- [Description of the task]: Return the entries below verbatim. Pictures stay out.

(Captioned web image data)

Segment Open

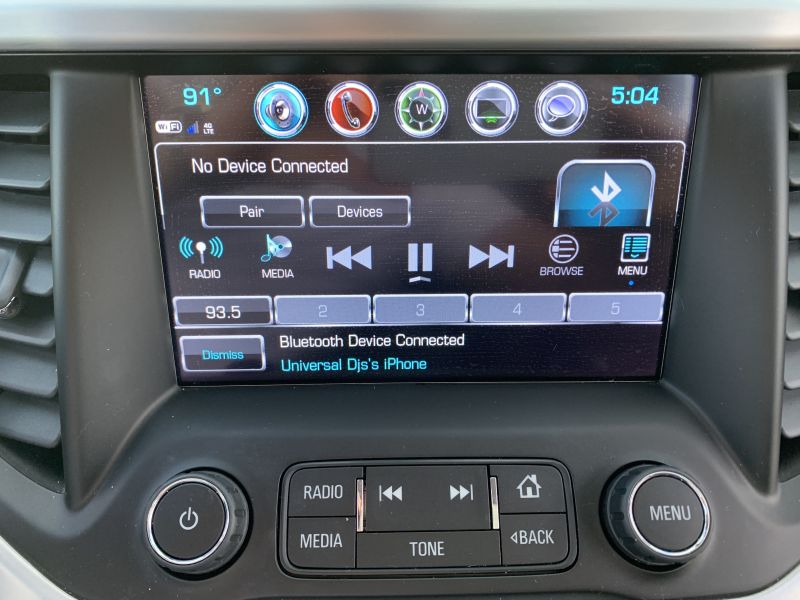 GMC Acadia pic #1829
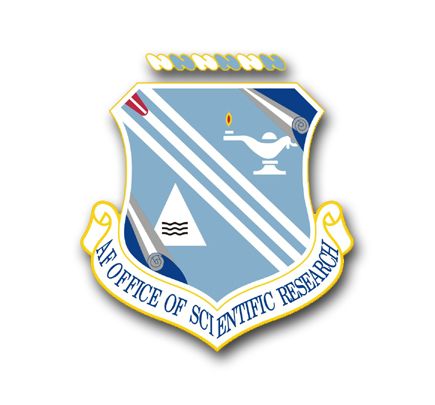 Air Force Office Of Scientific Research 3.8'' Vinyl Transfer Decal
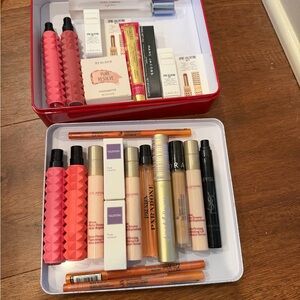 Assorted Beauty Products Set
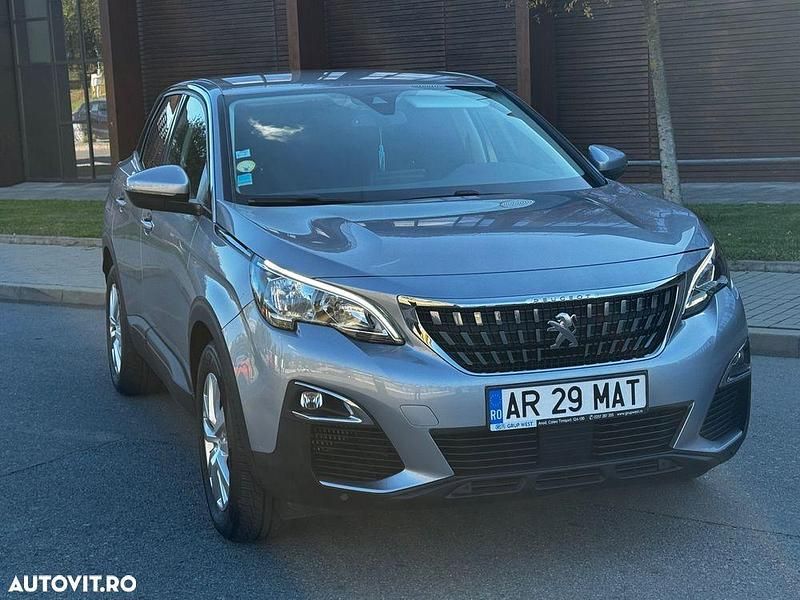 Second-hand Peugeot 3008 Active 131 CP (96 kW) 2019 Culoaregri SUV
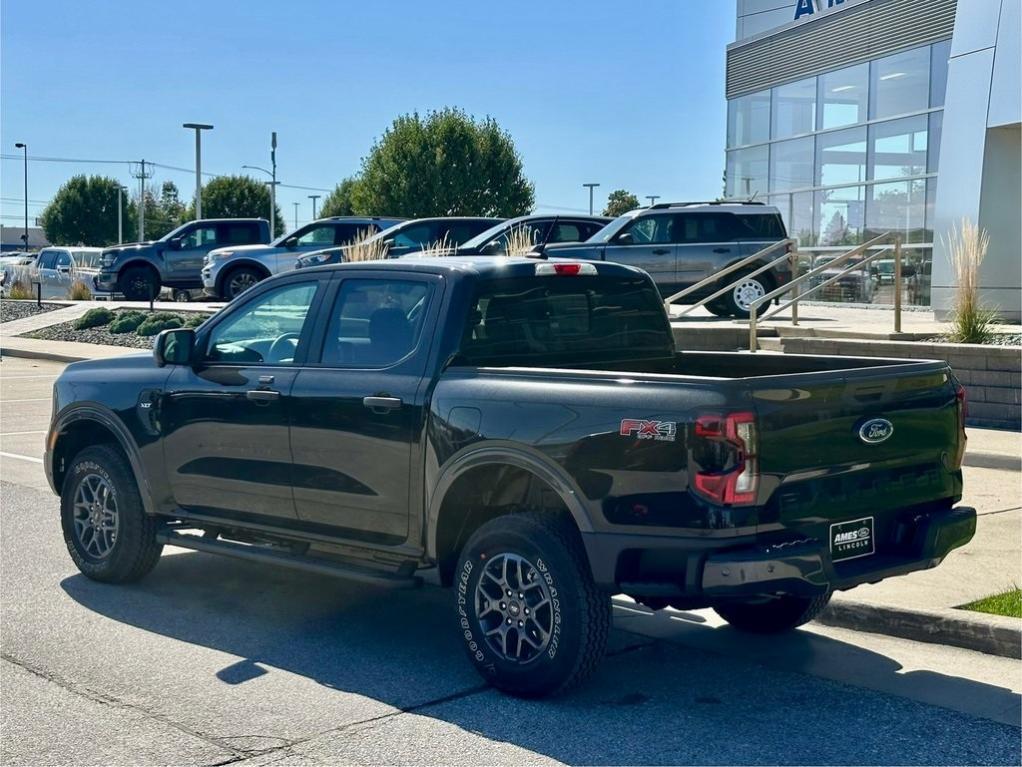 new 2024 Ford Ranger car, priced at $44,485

Segment Closed

- [Final answer]:
 GMC Acadia pic #1829
 Air Force Office Of Scientific Research 3.8'' Vinyl Transfer Decal
 Assorted Beauty Products Set
 Second-hand Peugeot 3008 Active 131 CP (96 kW) 2019 Culoaregri SUV
 new 2024 Ford Ranger car, priced at $44,485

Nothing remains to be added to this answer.